One-Class Support Vector Machine Algorithm

The One-Class Support Vector Machine (SVM) algorithm is used to solve anomaly detection problems, which are considered to be a kind of classification problem. Standard classification algorithms require the presence of both positive and negative examples (counterexamples) for a target class. One-Class Support Vector Machine (SVM) classification requires only the presence of examples of a single target class. The model learns to discriminate between the known examples of the positive class and the unknown negative set of counterexamples. The goal is to estimate a function that will be positive if an example belongs to a set and negative or zero if the example belongs to the complement of the set. This type of problem is called anomaly detection.

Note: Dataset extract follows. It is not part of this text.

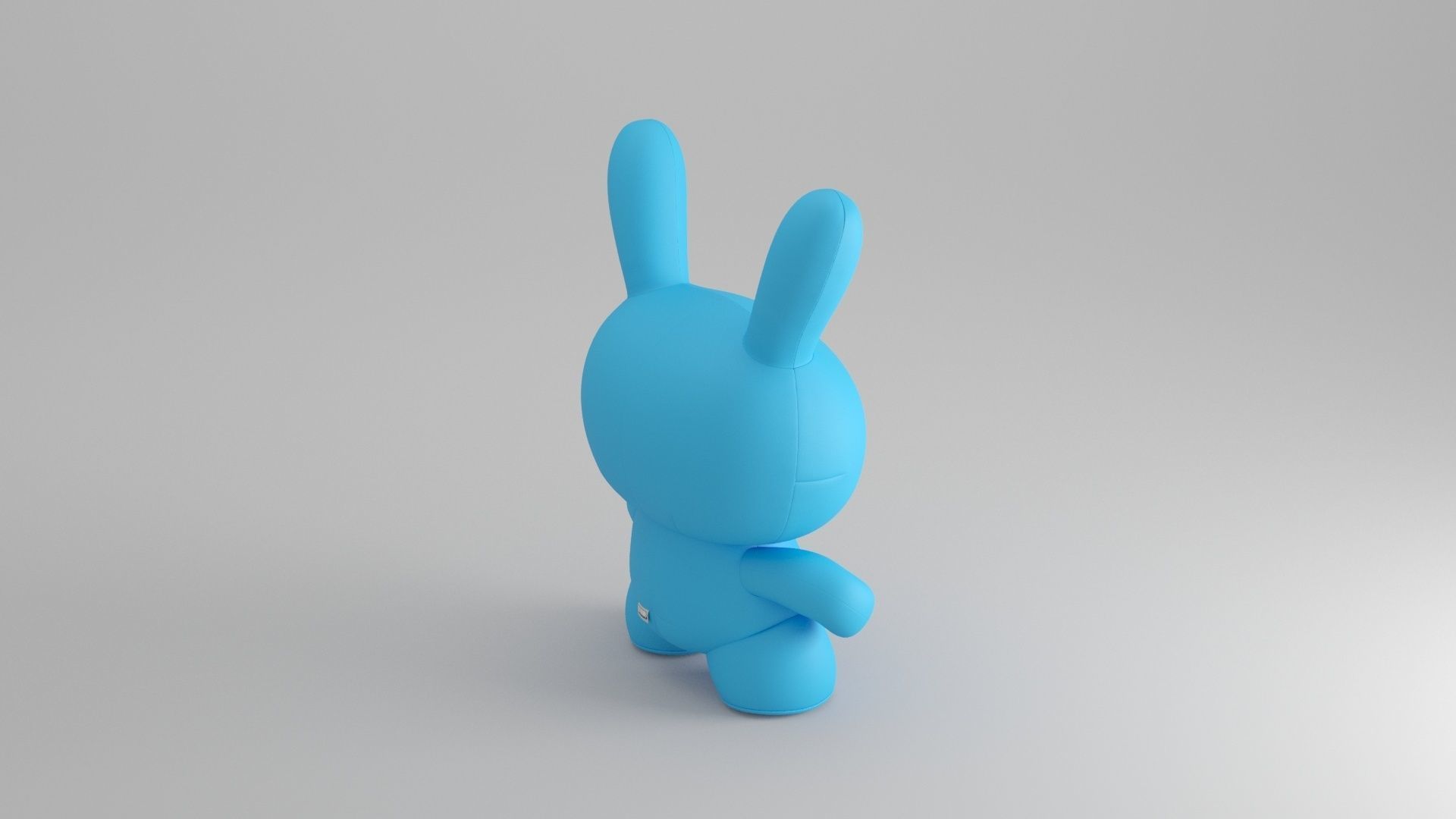 KIDROBOT 20 INCH DUNNY PLUSH - CYAN EDITION 3D model_6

Solving such a "One-class" classification problem is difficult. The goal of anomaly detection is to provide some useful information where no information was previously attainable. The goal is to create a "profile" of the known class, and to apply that profile to the general population for the purpose of identifying individuals who are "different" from the profile in some way.

One-class SVM models, unlike SVM classification and regression models, do not have a target.

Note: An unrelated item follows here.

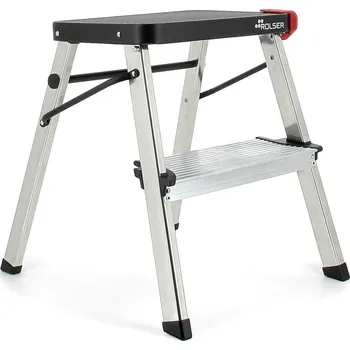 Schůdek Rolser Domácí skládací schůdky Taburete, 2 extra široké stupně, černá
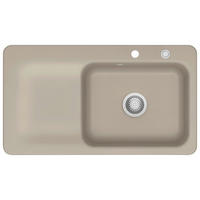 SPÜLE Juna 90 / 50140223  - Fango, Basics, Keramik (90/20/51cm) - Systemceram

One-class SVM models are useful also in cases where it is difficult to provide counterexamples. For example, in text document classification, it is easy to classify a document under a given topic. However, the universe of documents not belonging to this topic can be very large and it may not be feasible to provide counterexamples.

If you have enough counterexamples for the rare event, you can still build an anomaly detection model; however, in this case, an SVM classification model may provide better results.

You can use one-class SVM for anomaly detection where the input table has text columns. For details, see Text Mining.

SVM is the only Oracle Data mining algorithm that supports one-class mode.

Another way to detect rare events is to build a clustering model, apply it, and then find items that do not fit in any cluster.